Peter A Allard School of Law

Native Plants & Indigenous Law: Unsettling Colonial Landscapes

Event Description

Join us for our first CLE Speaker Series of the year with Dr. Pamela Spalding! Dr. Spalding will discuss her recent article “Making Space for Indigenous Legal Relationships with Plants in Aboriginal Law” published in the "Our More-Than-Human Constitutions" special issue of the Review of Constitutional Studies, Nov. 2025. The article explores how important relationships between native plants and Indigenous peoples are generally overlooked in legislation, case law, environmental assessments, and modern treaty negotiations.

For Zoom link details, email: cle@allard.ubc.ca.

Event Poster

Speaker

Dr. Pamela R. Spalding

Dr. Pamela Spalding is an Assistant Professor in the faculty of Indigenous Studies at the University of Victoria.

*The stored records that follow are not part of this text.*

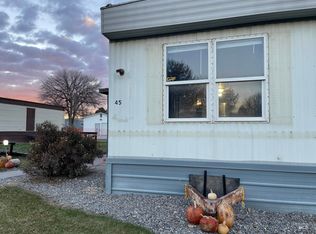 198 So Hills Rd #45, Twin Falls, ID 83301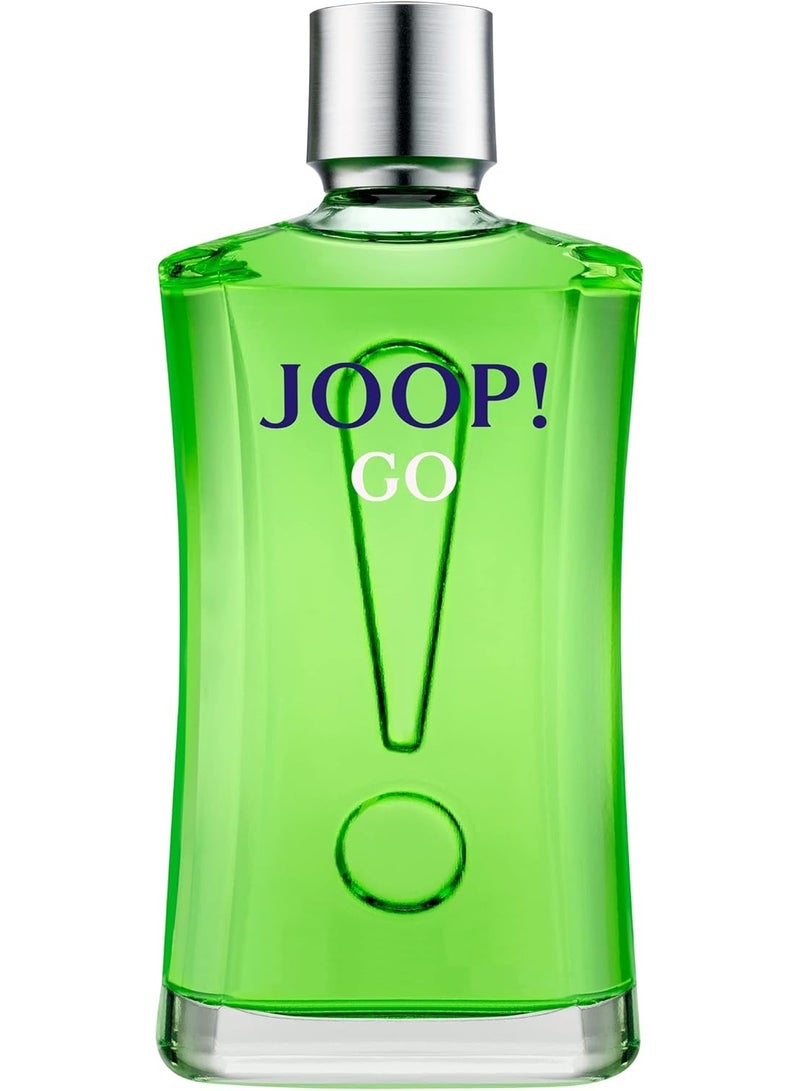 جوب جووب هوم - عطر جو للرجال من - او دي تواليت 200 مل 0174 - Image 2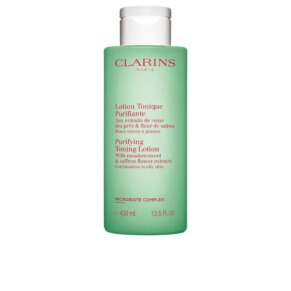 Nước hoa hồng Clarins LOTION TONIQUE peaux grasses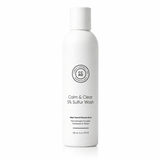 CCMD 5% Sulfur Wash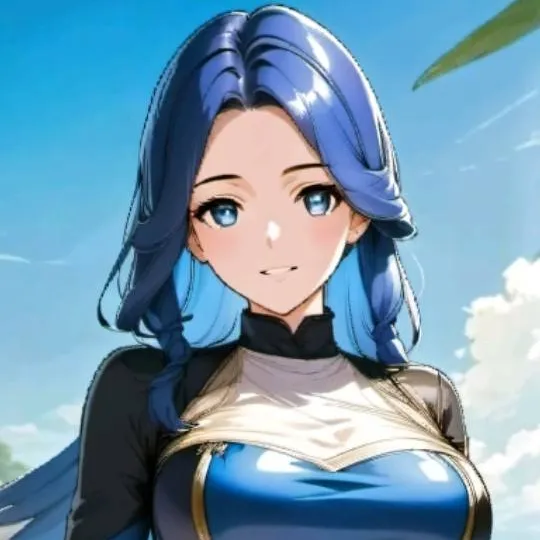 chat with ai character: Azura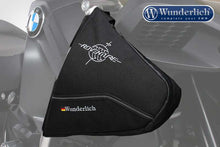 BMW R1200GSA Pouches - Guard Frame Bags Set (Black).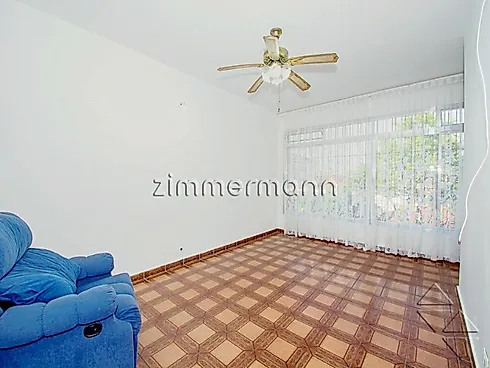 Casa 4 Quartos com 129m² - Vila Romana - Casa em Vila Romana, São Paulo - Foto 2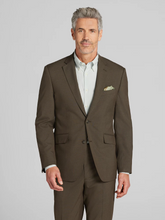 Modern Fit Suit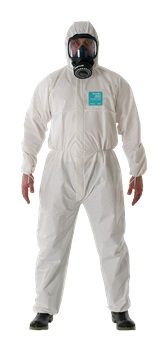 ANSELL FATO ALPHATEC 2000 STANDARD 111 - TAM XXL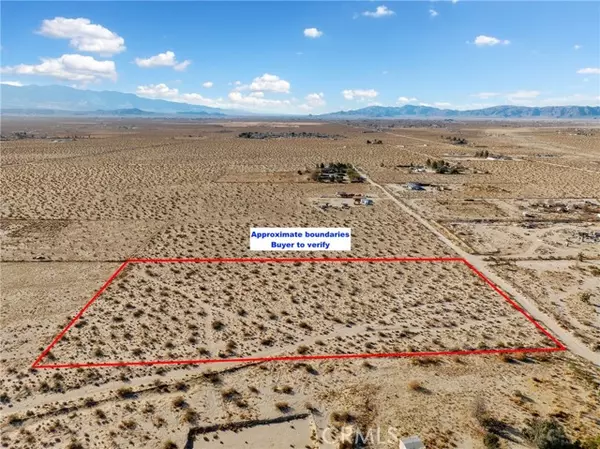 Lucerne Valley, CA 92356,719 Sage Road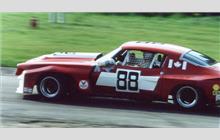 88 - Chevrolet Camaro - Carter Racing Service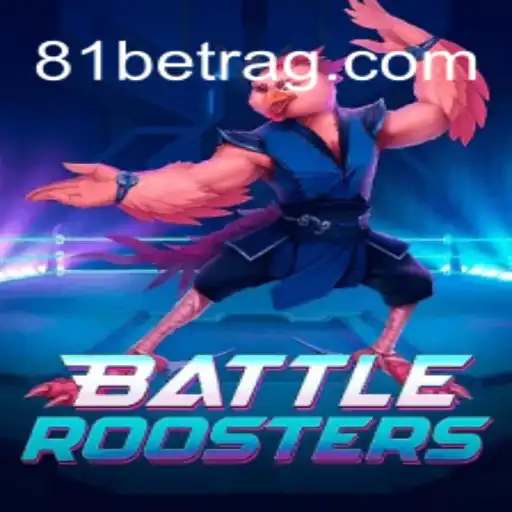 BattleRoosters: The Latest Sensation in Competitive Gaming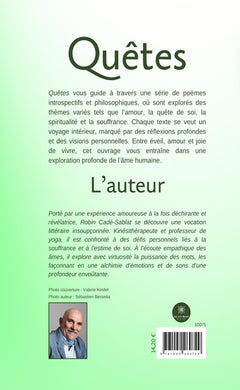 Quêtes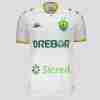 Tailandia Equipacion Cuiaba Segunda 2024 2025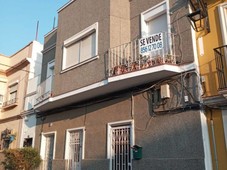 Venta Casa unifamiliar Algeciras. Con terraza 191 m²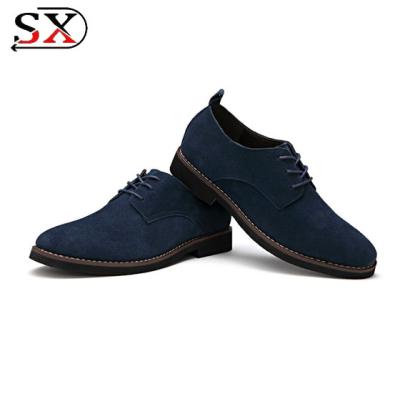 China Fashion Trend Style Business Shoes Men New Leather Trim New Models Men Casual Shoes for sale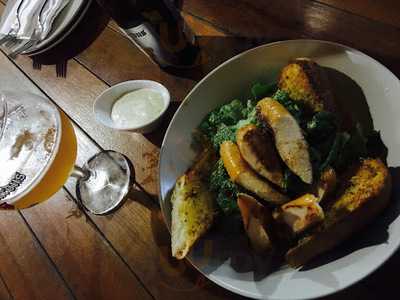 The Mustard Incident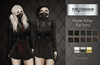 Kib designs psycho kpop fan dress ad 700
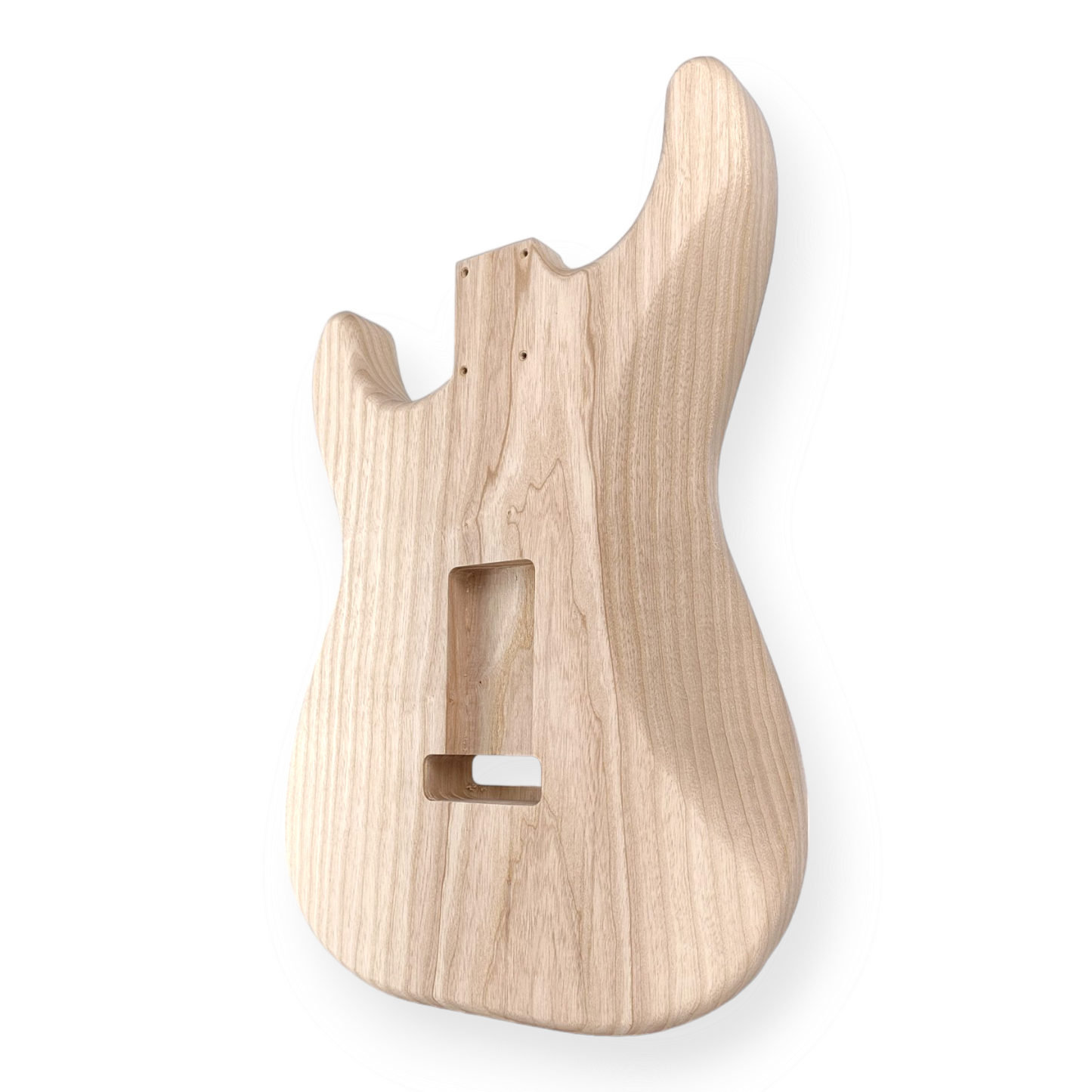 STRA-PA01 (S-style standard SSS) guitar solid body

Dr. Spalding is a Métis Canadian (Scottish, Cree and Ojibwe of the Red River, Manitoba territory) and an enrolled citizen of Métis Nation BC and the Métis Nation of Greater Victoria. She is an ethnobotanist whose research examines dimensions of Indigenous people’s relationships with plants, ecosystems, resource stewardship, Indigenous feminism, Indigenous legal orders, and customary legal landscapes. Her collaborative research with T’Sou-ke Nation over the last decade indicates that the magnitude of plant use in the traditional economies and lifeways of Indigenous peoples (particularly women) across North America warrants a much larger discussion about Indigenous plant use and ecosystem management in Canadian, US, and Indigenous governance. She is a former Mellon postdoctoral fellow with the Center for Global Indigenous Cultures and Environmental Justice at Syracuse University where she was introduced to how Anishinaabe and Haudenosaunee relationships with the more than human world are expressed in law.